I reached into my waistcoat pocket for the watch. I had not realized the weight of it until that moment. My future had nothing to do with the time it told, nor did it define who I’d been in the past. I placed it on the game table.
“Do you think you returning my own property to me makes you an honest man?” Block asked.
“I think it makes me a man. I’m not sure you can say the same.”
Before I left my old enemy, I took a last look at the watch I had carried for so long. It had never seemed like mine. Whether I was honest or not, I was free from its burden. I went out of the town house and met Agnes on the corner. We walked together speaking of Juliet, who was at that very moment on her way to California. We took the dogs into the park. Mr. Block kept them locked up in the kitchen; because he’d bought them for Juliet he despised them now. I let them off their leashes for once. As it turned out, broken or not, it appeared I had a heart.
MAY 1911
THE STABLE was empty, although several of the liveryman’s pigeons managed to find their way in through gaps in the wooden siding to take shelter for the night. Eddie had taken to spending time in this gloomy place with both Mitts and North, breathing in the scent of hay, remembering how he had come here as a boy and slept beside the horses. After one tiff, when Mitts approached the wolf in an overly friendly fashion, the two got on well enough, if ignoring one another meant there was an uneasy peace. Eddie’s hand was still wrapped, but the pain had eased. He supposed the bones were mending. His heart, however, was not in a similar condition, precisely the problem with having such an organ, for it caused pangs of desire and regret, reminding an individual that he was indeed human, prone to human sorrows and desires.
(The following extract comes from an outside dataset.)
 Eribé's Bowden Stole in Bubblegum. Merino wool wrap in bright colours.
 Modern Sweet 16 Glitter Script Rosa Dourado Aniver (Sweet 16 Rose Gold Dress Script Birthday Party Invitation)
Eddie had reverted to his old insomniac’s habits, avoiding sleep for as long as possible, existing on a diet of coffee and gin. When he did close his eyes, whether dozing in a chair or resting his head against the stable wall, Coralie came to him in his dreams. She was in the river, in his bed, out of reach and leaving him in a fevered and dejected state. He’d memorized several lines from the note she’d written him. I do not love you and cannot pretend to. I am promised to a man in France, a family friend, and it is to him I now go. Please do not follow me. Forget me if you can.
He wished to do exactly that, but had discovered it wasn’t possible. He’d taken to drinking with serious intent, not for pleasure but for sheer inebriation. He missed the presence of the liveryman, and now held a deeper understanding of why a person might turn to opium, as he, himself, had embraced gin, for it was gin alone that allowed him a deep, black brand of sleep. Eddie tried not to dwell on the fact that he would soon be homeless. In a matter of days, the stable would be rented out to a tenant who had put in an offer to let the entire building. The new renter was an ironmonger who wished to set up a furnace in the alleyway and use Moses Levy’s studio for storage. Eddie was to vacate by the first of June. It was already the end of May, and deciding where to go next loomed as an impossible task, for it was difficult enough to find loft space possessing good light, all the more challenging given his financial situation and the presence of two large canines, one of which was indistinguishable in form and temperament from a wolf. When Eddie was drinking heavily enough, he had half a mind to move onto Beck’s property and build himself a shack. There he would take the hermit’s place, equally embittered and alone, avoiding humankind, but close to the river, comforted by that proximity. Then he thought better of the notion, for what the old man had predicted would surely come true before very long. The woods would disappear, replaced by concrete and bricks. There would be no room for wild creatures, just as there’d be no room for men who wished to escape the concerns of city life.